## Instructions to follow
I would like the records restated word for word, without the pictures.
Material for the task below:
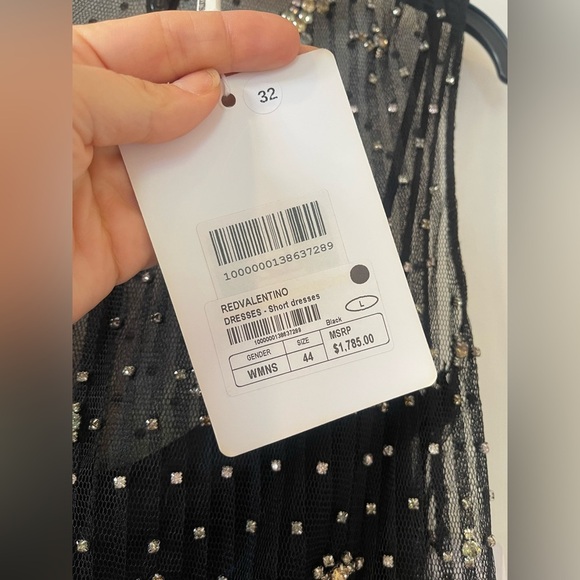 REDValentino Valentino Rhinestone-Embellished Black Tulle Mini Dress – Size 44 - Picture 12 of 16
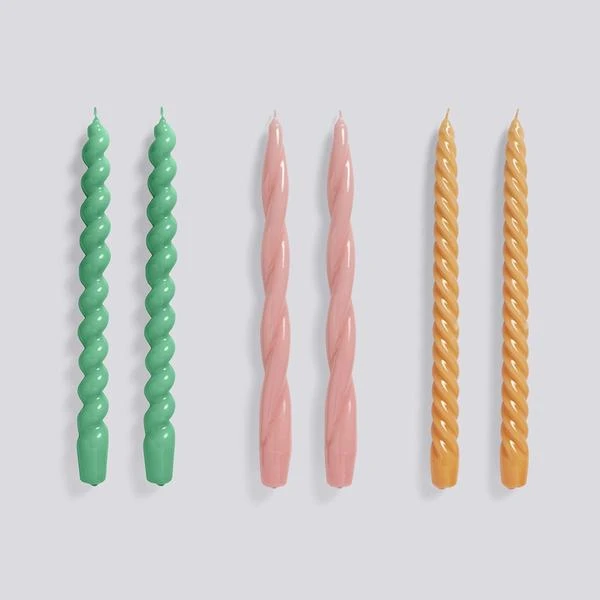 HAY Candle Long Mix 6 Pcs Green Dark Rose Tangerine 3 HAY Candle Long Mix 6 Pcs Green Dark Rose Tangerine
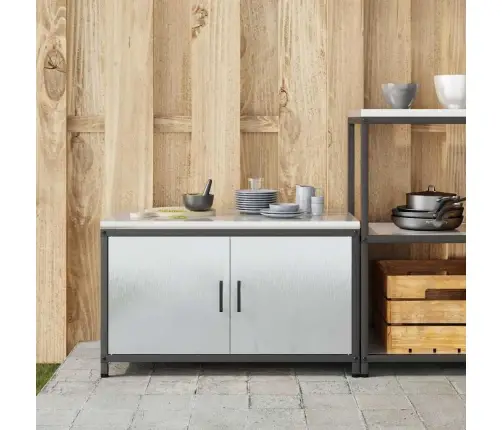 Virtuvės Saugojimas Su Lentyna Sidabro 60 X 50 X 92 Cm Plienas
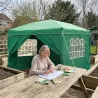 Tonnelle pliante 3x4 m en acier verte avec parois latérales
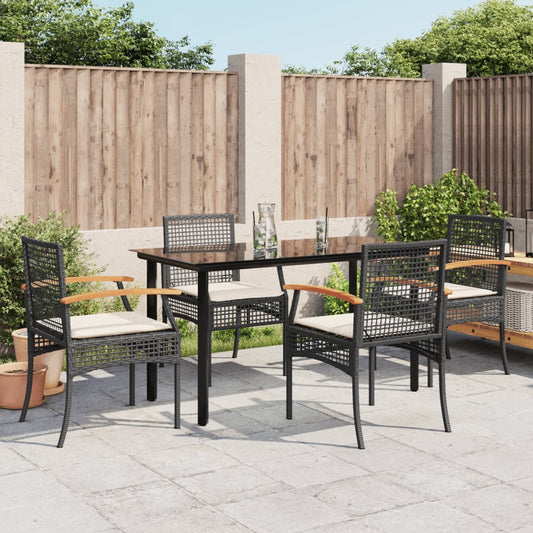 Garden Dining Set Black PE Rattan Medium Removable Covers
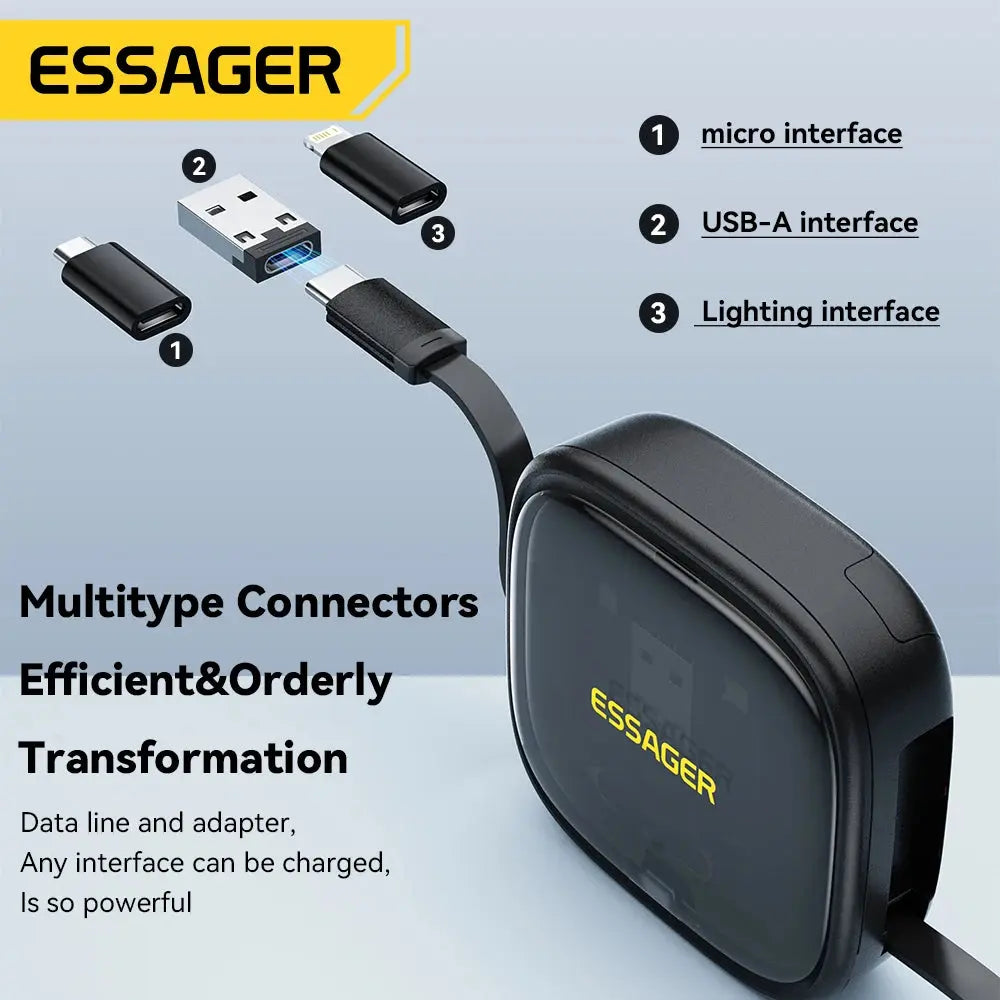 Essager USB C To Tpye C Cable PD 60W for Xiaomi Poco Fast Charging Data Travel Multi Functional Cord With Holder Storage Box Tarot Yeah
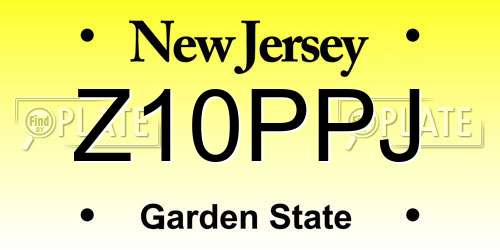Z10PPJ New Jersey License Plate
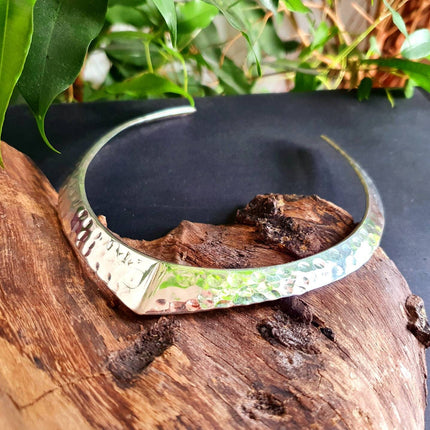 Hammered Silver Choker / Rustic / Gypsy / Lightweight / Boho / Tribal / Hippie / Rustic / Vegan /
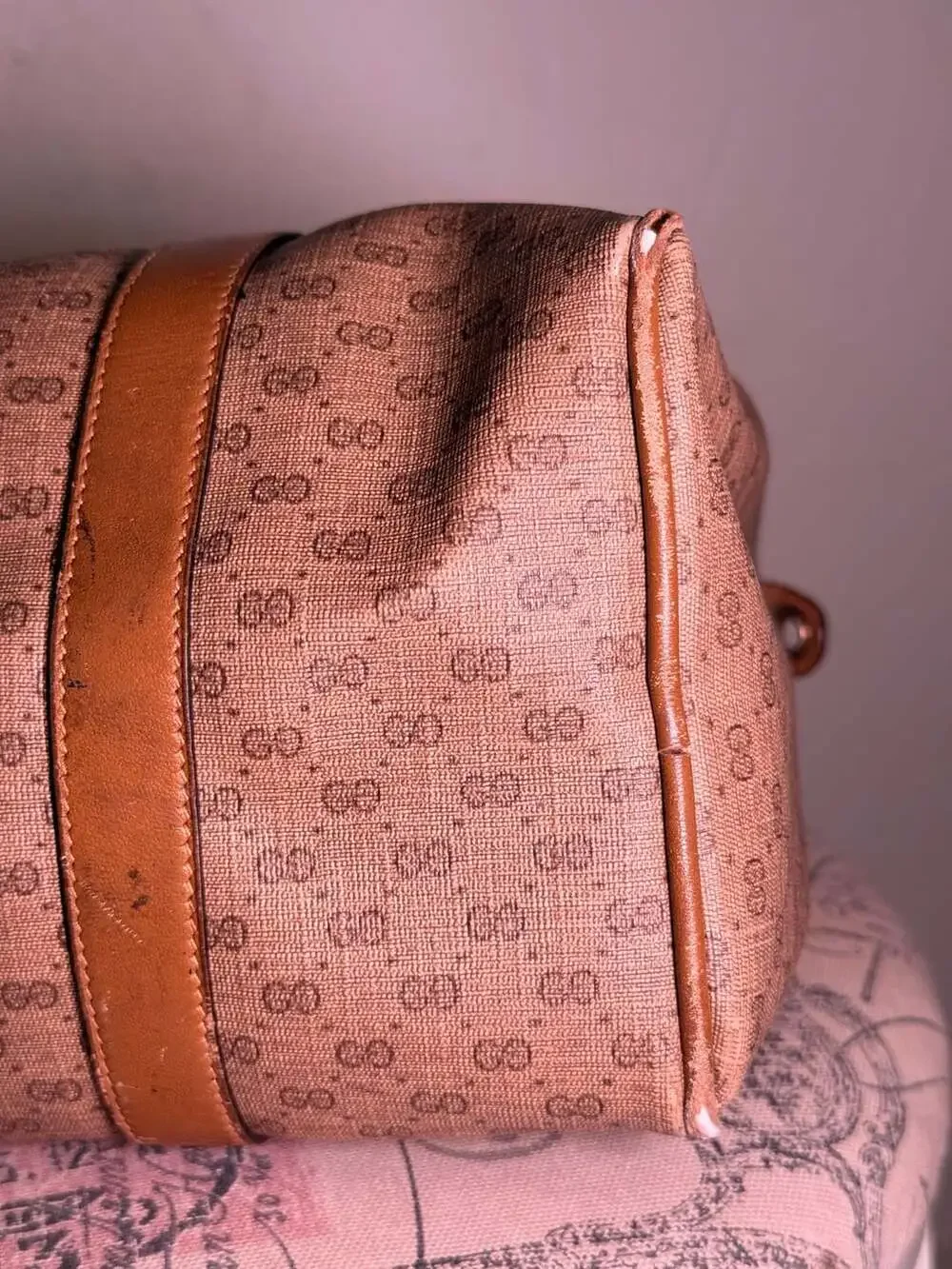 Gucci Vintage Micro GG Supreme Web Stripe Boston Bag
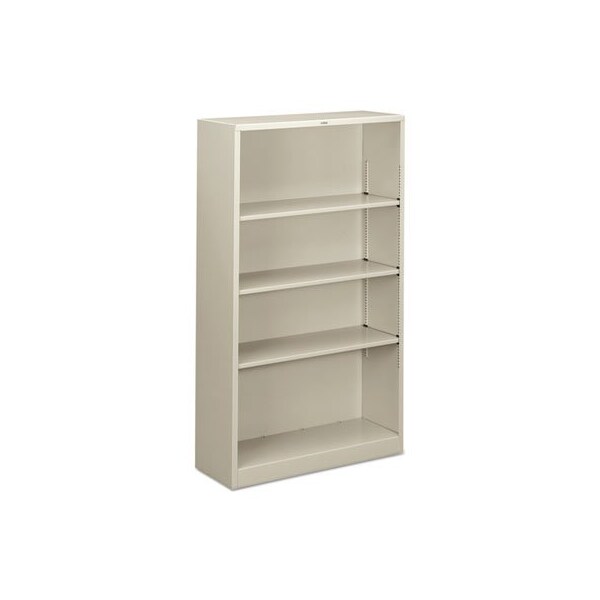 Hon HON, Metal Bookcase, Four-Shelf, 34-1/2w X 12-5/8d X 59h, Light Gray - S60ABCQ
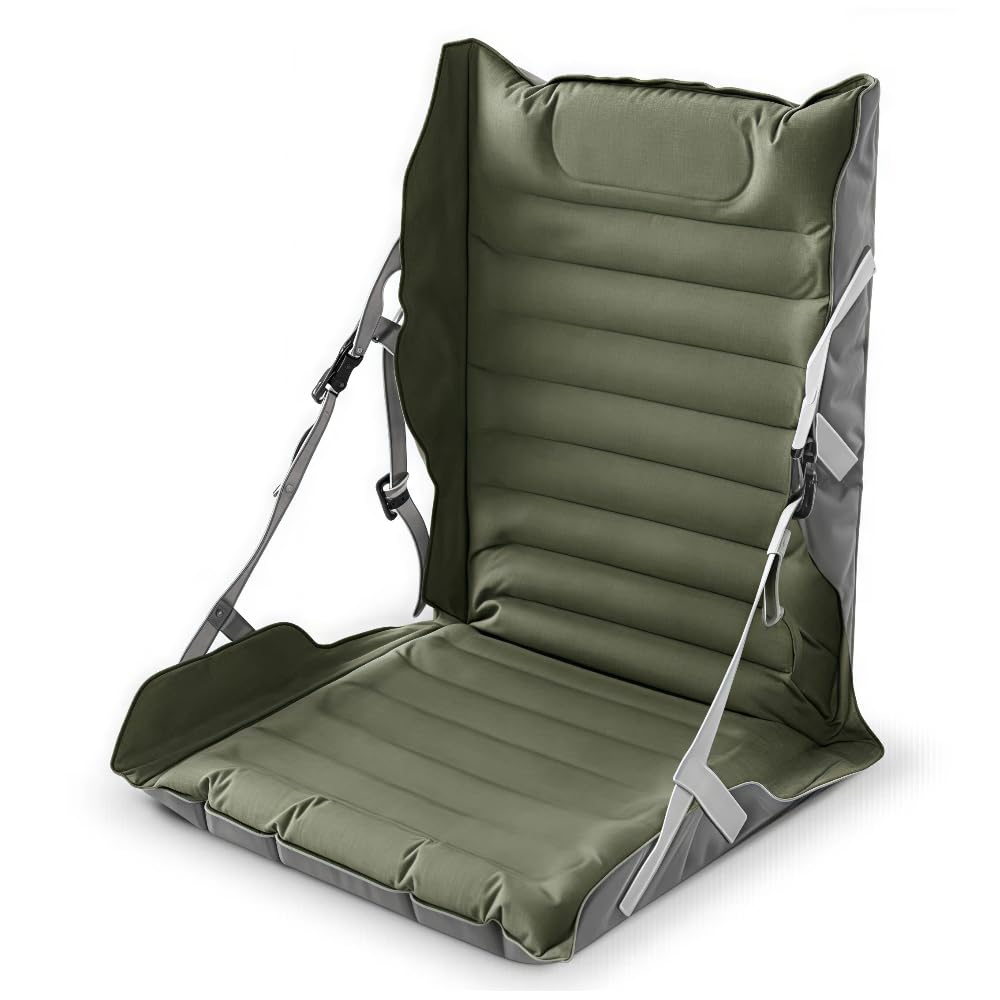 空気クッションチェアアウトドア折りたたみ用小型シートシートバック付きとインドア使用に適し30秒膨張足踏み式登山/海水浴/日光浴/キャンプなどに適しています (ジャングルグリーン) []｜H＆B JAPAN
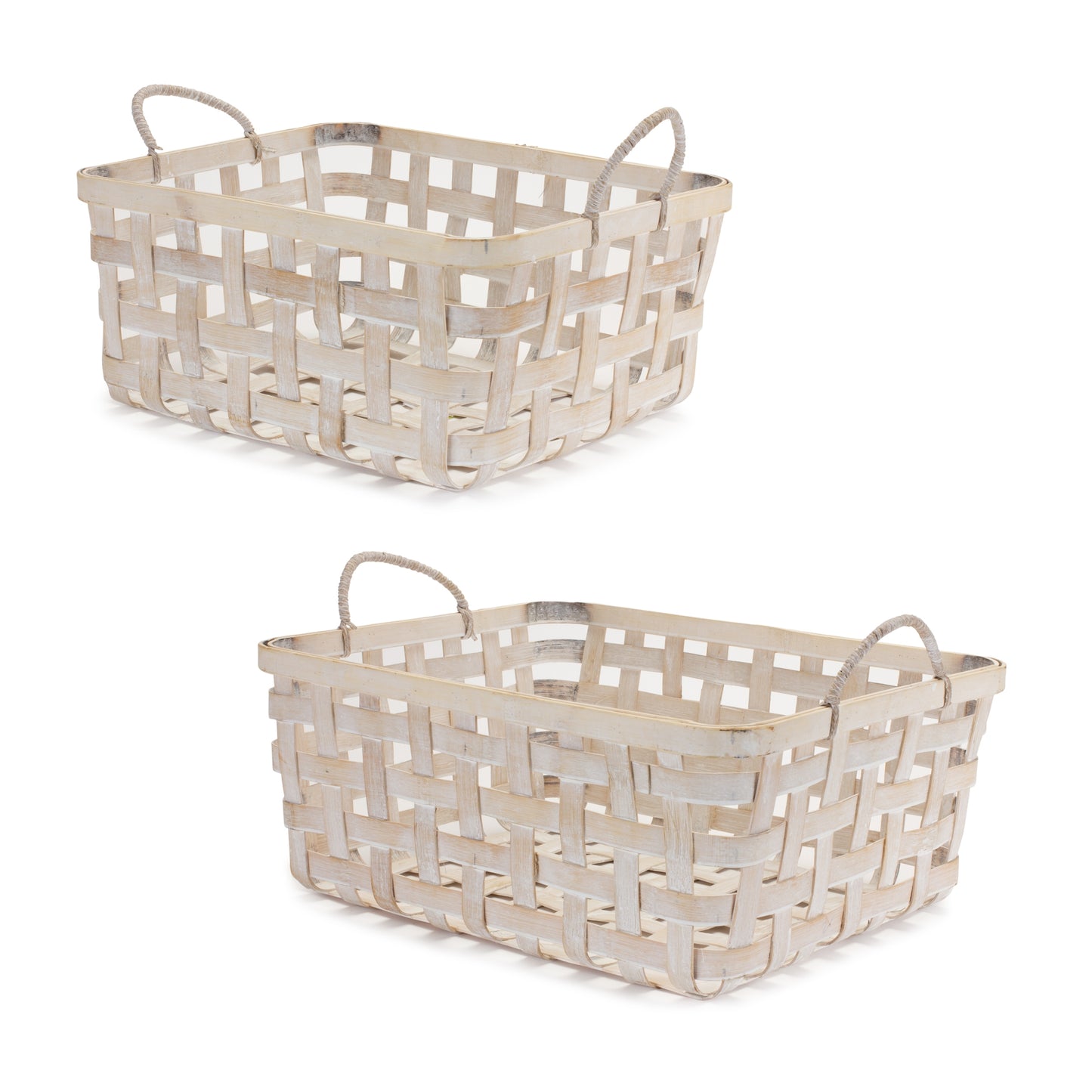 Basket (Set Of 2) 17"L x 12.25"W x 7"H, 17.25"L x 13.5"W x 7.5"H Bamboo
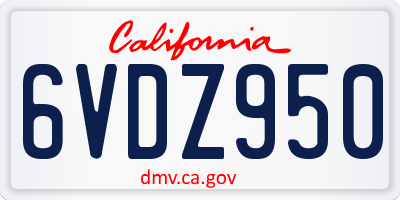 CA license plate 6VDZ950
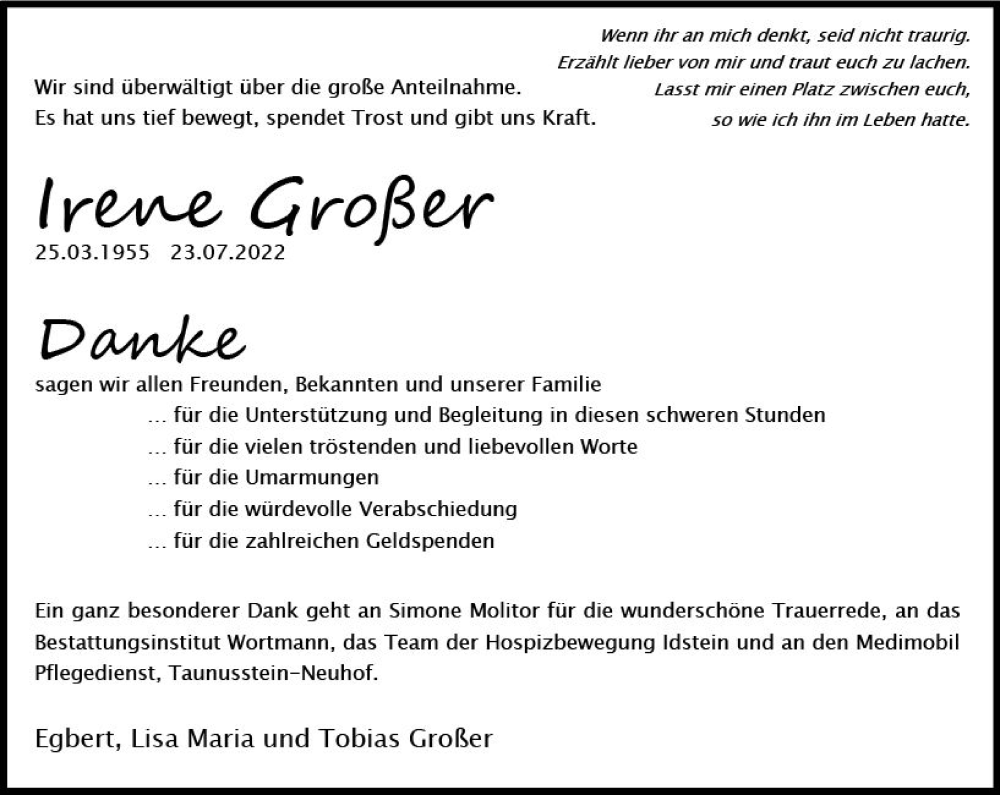  Traueranzeige für Irene Großer vom 20.08.2022 aus vrm-trauer Wiesbadener Kurier
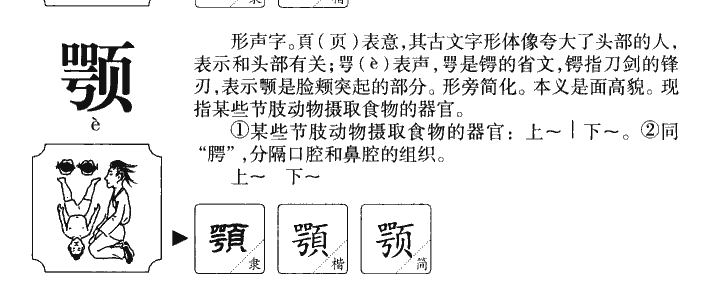 颚字字源字形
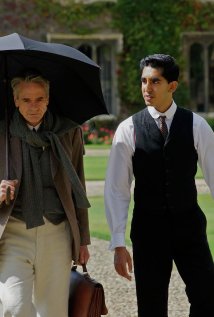 Jeremy Irons and Dev Patel as Hardy and Ramanujan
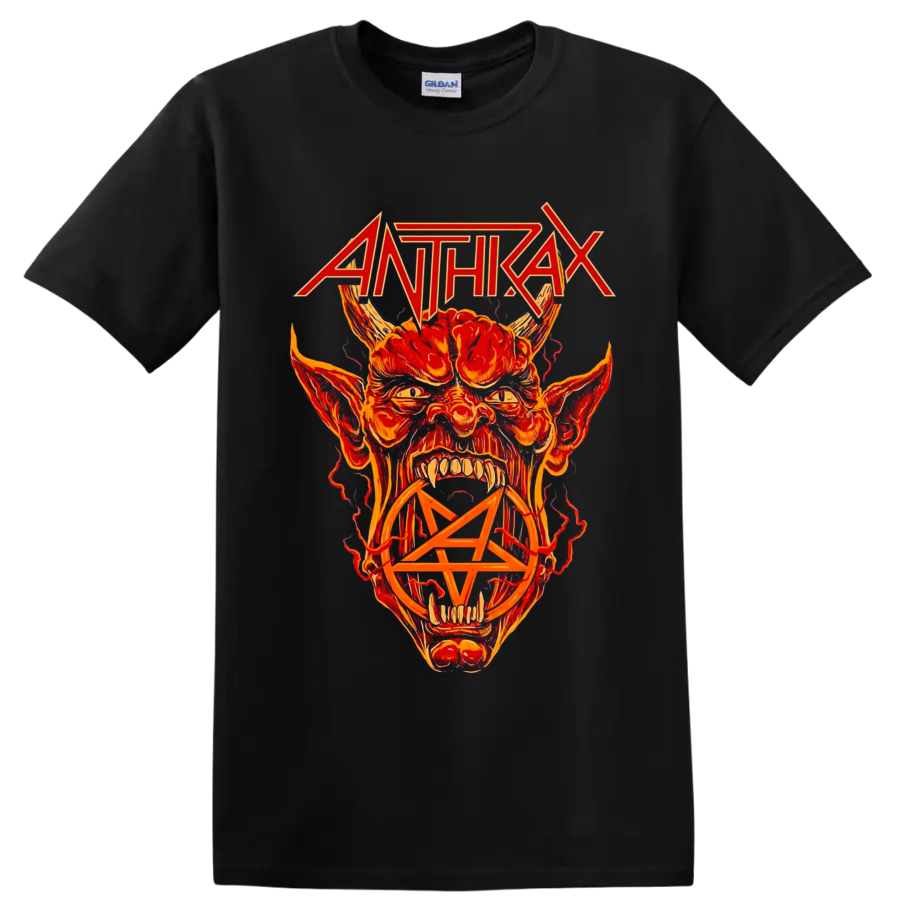 Anthrax logo above fiery horned demon artwork with a pentagram on a Black T Shirt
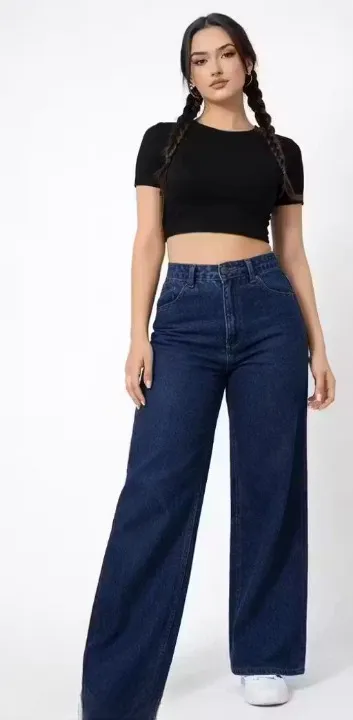ALLORO Straight Fit Navy Blue Denim Jeans High Waist Classic Fit Casual Daily Wear Pants for Women Girls Fashion Street Style Jeans ALLORO Straight Fit Navy Blue Denim Jeans  30 thumbnail 0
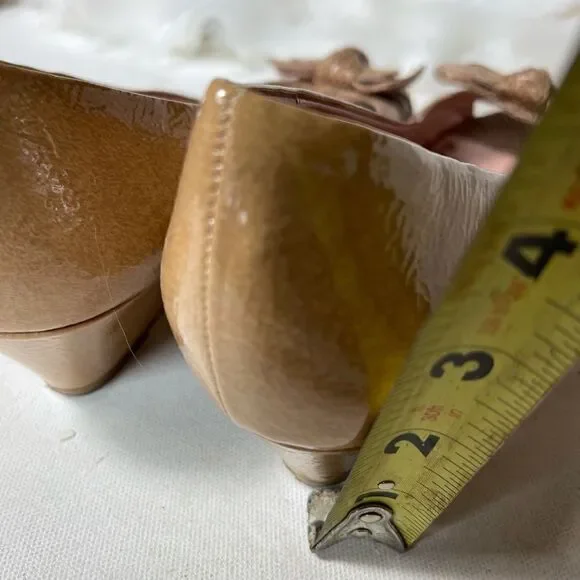 Libby Edelman taupe & brown snake skin print peep toe toe wedge shoes size 8.5 - Picture 5 of 8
End of Material for the task.
## Response to the task
 REDValentino Valentino Rhinestone-Embellished Black Tulle Mini Dress – Size 44 - Picture 12 of 16
 HAY Candle Long Mix 6 Pcs Green Dark Rose Tangerine 3 HAY Candle Long Mix 6 Pcs Green Dark Rose Tangerine
 Virtuvės Saugojimas Su Lentyna Sidabro 60 X 50 X 92 Cm Plienas
 Tonnelle pliante 3x4 m en acier verte avec parois latérales
 Garden Dining Set Black PE Rattan Medium Removable Covers
 Essager USB C To Tpye C Cable PD 60W for Xiaomi Poco Fast Charging Data Travel Multi Functional Cord With Holder Storage Box Tarot Yeah
Z10PPJ New Jersey License Plate
 Hammered Silver Choker / Rustic / Gypsy / Lightweight / Boho / Tribal / Hippie / Rustic / Vegan /
 Gucci Vintage Micro GG Supreme Web Stripe Boston Bag
 Hon HON, Metal Bookcase, Four-Shelf, 34-1/2w X 12-5/8d X 59h, Light Gray - S60ABCQ
 空気クッションチェアアウトドア折りたたみ用小型シートシートバック付きとインドア使用に適し30秒膨張足踏み式登山/海水浴/日光浴/キャンプなどに適しています (ジャングルグリーン) []｜H＆B JAPAN
 Basket (Set Of 2) 17"L x 12.25"W x 7"H, 17.25"L x 13.5"W x 7.5"H Bamboo
 CA license plate 6VDZ950
  Traueranzeige für Irene Großer vom 20.08.2022 aus vrm-trauer Wiesbadener Kurier
 颚字字源字形
 Jeremy Irons and Dev Patel as Hardy and Ramanujan
 Anthrax logo above fiery horned demon artwork with a pentagram on a Black T Shirt
ALLORO Straight Fit Navy Blue Denim Jeans High Waist Classic Fit Casual Daily Wear Pants for Women Girls Fashion Street Style Jeans ALLORO Straight Fit Navy Blue Denim Jeans  30 thumbnail 0
 Libby Edelman taupe & brown snake skin print peep toe toe wedge shoes size 8.5 - Picture 5 of 8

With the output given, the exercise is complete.